Alle beteiligten Länder sehen sich als Sieger des Vertrags. Doch vor allem deutsche Autobauer profitieren – wenn sie die strengeren Anforderungen einhalten.

Schon die Ankündigung eines Handelsvertrags ist in diesen Zeiten ein Signal: Denn seit Donald Trump Präsident der Vereinigten Staaten ist, prägen Strafzölle, Sanktionen und Protektionismus das Bild der Weltwirtschaft.

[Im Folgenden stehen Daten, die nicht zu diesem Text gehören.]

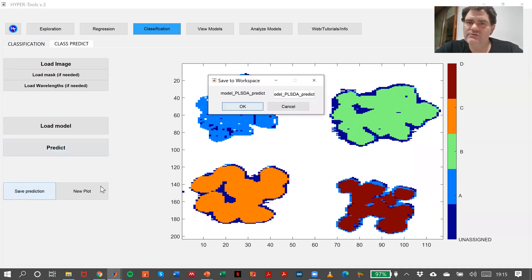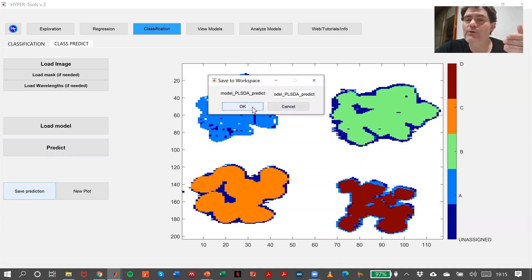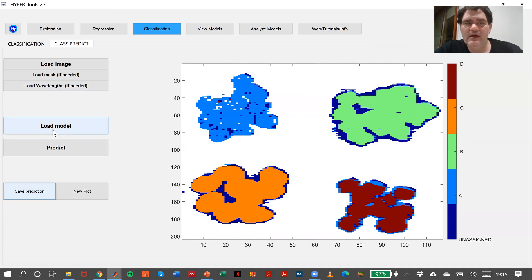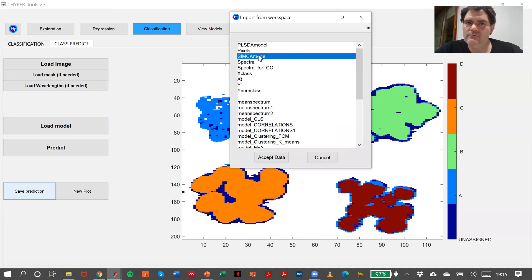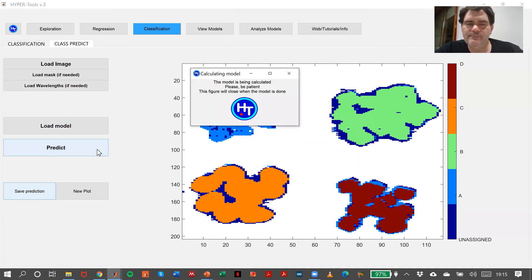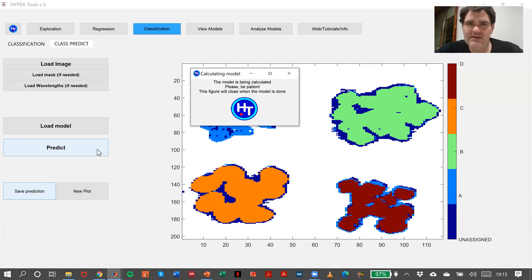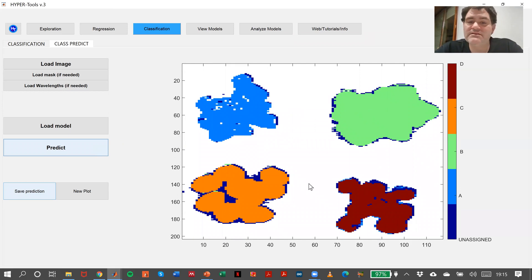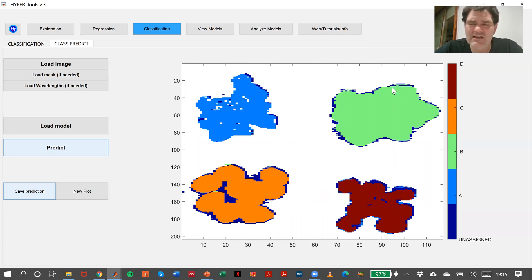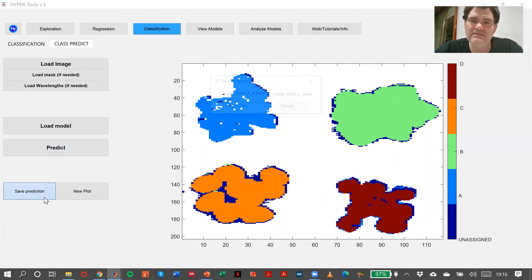Now I can try to see what happens with the SIMCA model. Accept data and predict. It takes a little bit more because we have to check with the three PCA models in SIMCA. This is the SIMCA model result. As before, we have A, B, C, D, and unassigned. In this case, there are fewer unassigned pixels, and you can see the unassigned ones appear at the edges of the plastic, which makes a lot of sense. So I can save this prediction as well.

Doch tatsächlich haben sich die USA, Mexiko und Kanada nach schwierigen, mehr als zwei Jahre andauernden Verhandlungen, auf ein Nachfolgeabkommen für den Nafta-Pakt geeinigt. Der Vertrag mit dem sperrigen Namen USMCA (United States Mexico Canada Agreement) ist nicht nur ein Pakt der Superlative: Das Abkommen betrifft fast 500 Millionen Menschen und die Wirtschaftsleistung der drei Länder beträgt rund 23 Billionen Dollar (20,8 Billionen Euro).

Das Abkommen ist auch von höchster Relevanz für die deutsche Wirtschaft – allen voran für die Autoindustrie, die vor allem in Mexiko, aber auch in den USA Produktionsstätten unterhält und darauf angewiesen ist, möglichst zollfrei in die jeweiligen Nachbarländer zu exportieren. Die drei Autobauer haben schon vor Jahren massiv in Mexiko investiert, um von dort aus vor allem in die USA zu liefern.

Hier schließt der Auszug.